# CAR ALMOST STALLS



## s13drift (Sep 22, 2005)

when im driving and then i come to a stop or just put the clutch in my rmp's will drop down to 400-500 and my dash lights will dim down. if i brake really hard then it sometimes stalls. any ideas? one friend says it might be fuel injectors


----------



## wish (Oct 20, 2005)

s13drift said:


> when im driving and then i come to a stop or just put the clutch in my rmp's will drop down to 400-500 and my dash lights will dim down. if i brake really hard then it sometimes stalls. any ideas? one friend says it might be fuel injectors


 my 93 240 se has been doing this off and on for ~2 years now.
lately it just stalls completely when i let off the gas. if yours gets to that point, just engine brake and downshift to second gear and let your rpms down slow. 
i changed my fuel filter the other day and my rpms still drop pretty fast, but it hasn't completely stalled yet. so if you haven't changed yours in a while, it may just be starving for gas. good luck.


----------



## rogoman (Dec 16, 2004)

s13drift said:


> when im driving and then i come to a stop or just put the clutch in my rmp's will drop down to 400-500 and my dash lights will dim down. if i brake really hard then it sometimes stalls.


Several things to check:

1 - Check your idle speed; adjust if necessary. If you can't adjust it to spec, then the IAA valve may be dirty; disassemble to clean. 
2 - Fuel injectors may be dirty; run some good injection cleaner through the system like Techron or Redline SL-1.
3 - Spark plugs may be dirty.
4 - Check fuel pressure.
5 - Check the O2 sensor.


----------



## hslabbert (Oct 25, 2005)

*** Lifted from www.240sx.org ***
"The IAA valve assembly is located on the passenger side of the motor down
below and behind the intake manifold. It's about 8" from the firewall. 
According to the Nissan shop manual, to adjust the IAA valve, disconnect
the throttle sensor harness connector with the motor shut off. Now with the
engine idling in neutral, adjust the IAA for an idle speed of 650 RPM. With
the motor shut off, reconnect the harness connector. Now with the motor
idling, you should have an idle speed of 700 RPM. If you can't get the
proper idle speed, the AAC valve may be defective as It's the one that
receives signals from the ECU. The AAC bolts on to the IAA."

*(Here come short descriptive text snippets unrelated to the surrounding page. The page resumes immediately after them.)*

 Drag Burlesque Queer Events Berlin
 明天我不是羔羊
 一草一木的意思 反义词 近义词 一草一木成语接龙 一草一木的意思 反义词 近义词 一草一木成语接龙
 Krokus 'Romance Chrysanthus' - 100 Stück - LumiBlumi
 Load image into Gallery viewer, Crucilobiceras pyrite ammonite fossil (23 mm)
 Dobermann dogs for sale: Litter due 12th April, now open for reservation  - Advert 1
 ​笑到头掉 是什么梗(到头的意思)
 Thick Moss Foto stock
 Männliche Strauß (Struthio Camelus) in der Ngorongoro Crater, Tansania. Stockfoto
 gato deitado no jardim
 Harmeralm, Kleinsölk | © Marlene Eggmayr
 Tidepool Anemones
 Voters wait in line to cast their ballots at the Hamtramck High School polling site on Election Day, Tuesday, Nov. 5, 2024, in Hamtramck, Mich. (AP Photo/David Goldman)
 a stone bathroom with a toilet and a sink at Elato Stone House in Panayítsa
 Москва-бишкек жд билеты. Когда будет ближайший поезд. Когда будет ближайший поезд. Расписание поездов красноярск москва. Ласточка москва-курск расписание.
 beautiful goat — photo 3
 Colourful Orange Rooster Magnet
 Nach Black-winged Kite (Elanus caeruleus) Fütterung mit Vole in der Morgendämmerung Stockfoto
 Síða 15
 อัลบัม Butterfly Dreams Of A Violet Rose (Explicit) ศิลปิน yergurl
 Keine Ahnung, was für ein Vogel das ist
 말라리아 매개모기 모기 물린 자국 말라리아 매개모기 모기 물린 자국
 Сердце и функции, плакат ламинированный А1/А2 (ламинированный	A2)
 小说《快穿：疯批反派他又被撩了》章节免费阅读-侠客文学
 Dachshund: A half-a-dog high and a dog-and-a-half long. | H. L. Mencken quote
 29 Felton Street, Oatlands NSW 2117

Again, not my info and I haven't tried it, but if it's the IAA, this might be useful.


----------



## Immolator (Aug 30, 2005)

*Just needs a tune up*

I had this happen on my car about three time in the last 14 years that I've owned it. (1991 240sx and it still runs strong.) The solution I found was just an ignition tune up. Change the rotor and cap. This is a must. If you haven't done so in the last 25 to 30 thousand miles you'll see what I mean when you do. The rotor is usually burned all the way down. Also change the plugs and wires. This will do the trick. A little hint if you've never changed the plugs. Use a straw to remove and install the plugs down between the cams. Just slide the staw over the top of the plug and thread it in until the staw give from the torque and finish it up with a socket wrench. This also helps to avoid cross threading since you get a better feel of the plug.


----------